Solved: netcat (nc) doesn’t terminate at end of transmission
Introduction
I often use netcat to transmit chunks of data between two Linux machines. I usually go something like
$ pv backup-image.iso | nc -l 1234
on one machine, and then maybe
# nc 10.1.2.3 1234 > /dev/sdb1
This is an example for using another machine to write data into a USB disk-on-key, because writing to any /dev/sdX on my main computer scares me too much.
But it doesn’t quit when it finishes
So after a couple of hours of operation it’s obviously finished, but with certain couples of computers, neither side quits the netcat program. So it’s not clear if the very last piece of data was fully written on the target.
Immediate thing to try
If you’re stuck like this after a long netcat transmission, this might save you: Press CTRL-D on the console of computer receiving data.

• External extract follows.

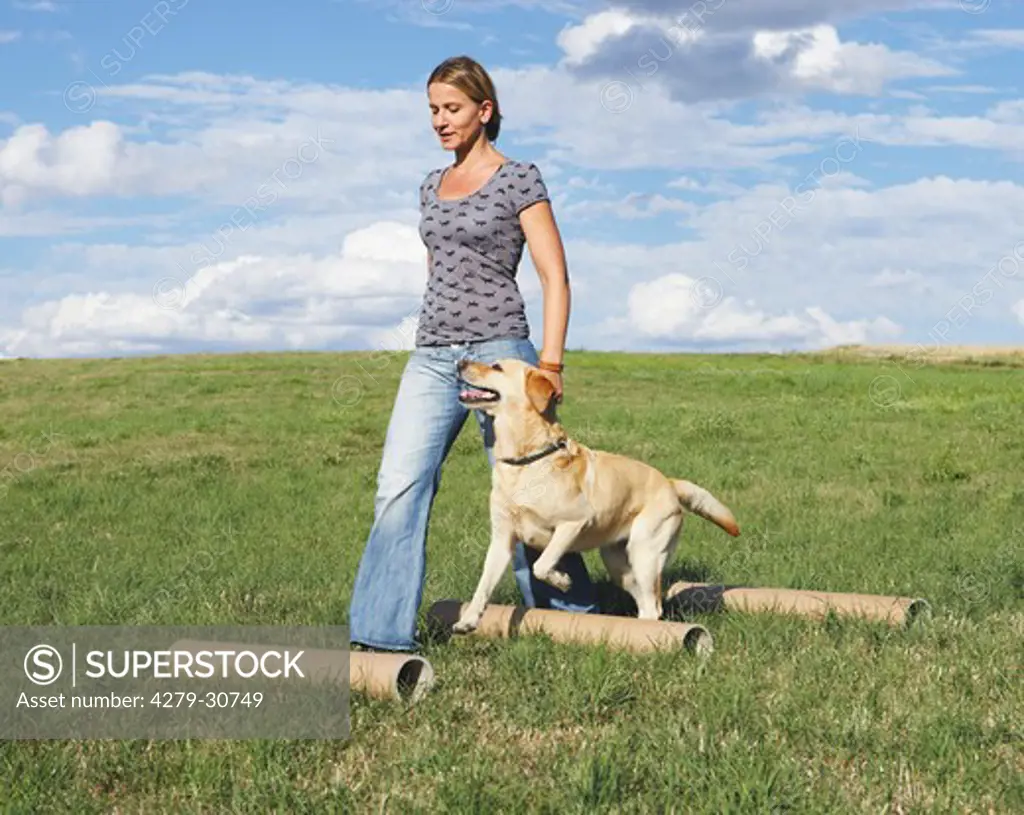 woman and Labrador Retriever dog walking over hurdles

If you’re lucky, this releases netcat on both sides.
Why this happens
This was written in July 2018, reflecting the netcat versions I’ve come across.

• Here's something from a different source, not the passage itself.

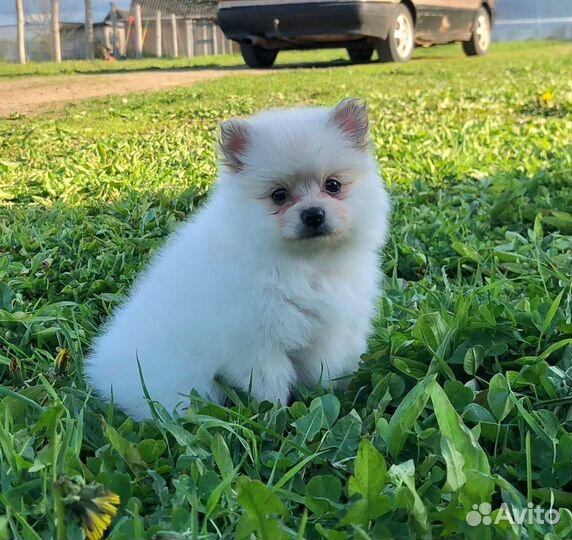 Щенки щпица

netcat opens a bidirectional TCP link, passing one side’s stdin to the other side’s stdout and vice versa. When netcat is faced with an EOF on its standard input, it may or may not close the sending part of its TCP connection, depending on which version of netcat it is. If it indeed closed the the sending connection, a FIN TCP packet is sent to the other side. The netcat program on the other side receives this FIN packet, and may or may not quit, once again, depending on which version of netcat it is. If it did quit, it returns a FIN packet, closing the connection altogether.
So we have two “may or may not”, leading to four possibilities of how it all behaves.

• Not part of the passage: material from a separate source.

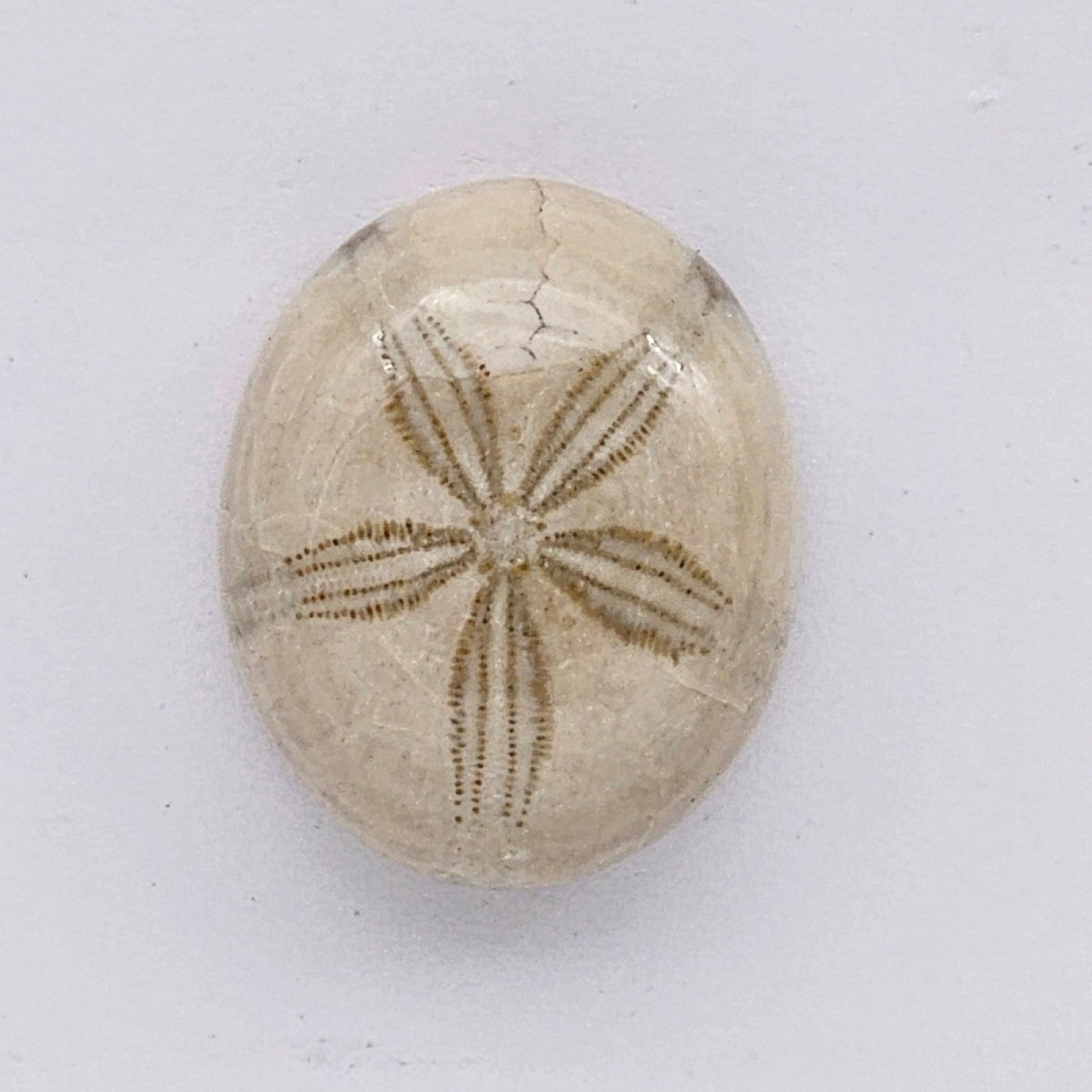 Sand Dollar fossil large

The example above works if (and only if) the sending side sends a FIN when it sees EOF on its stdin, and that causes the other side’s netcat to quit, closing the TCP connection completely (sending a FIN packet back), which causes the first netcat to quit as well. And all is good.
Well, no. Formally, this is actually wrong behavior: Considering netcat to be a bidirectional link (this isn’t used a lot, but still), closing one direction shouldn’t cause the closing of the other. Maybe there’s data for waiting for transmission in the opposite direction. It’s perfectly legal, and quite commonplace, to transmit data on a half-open TCP link.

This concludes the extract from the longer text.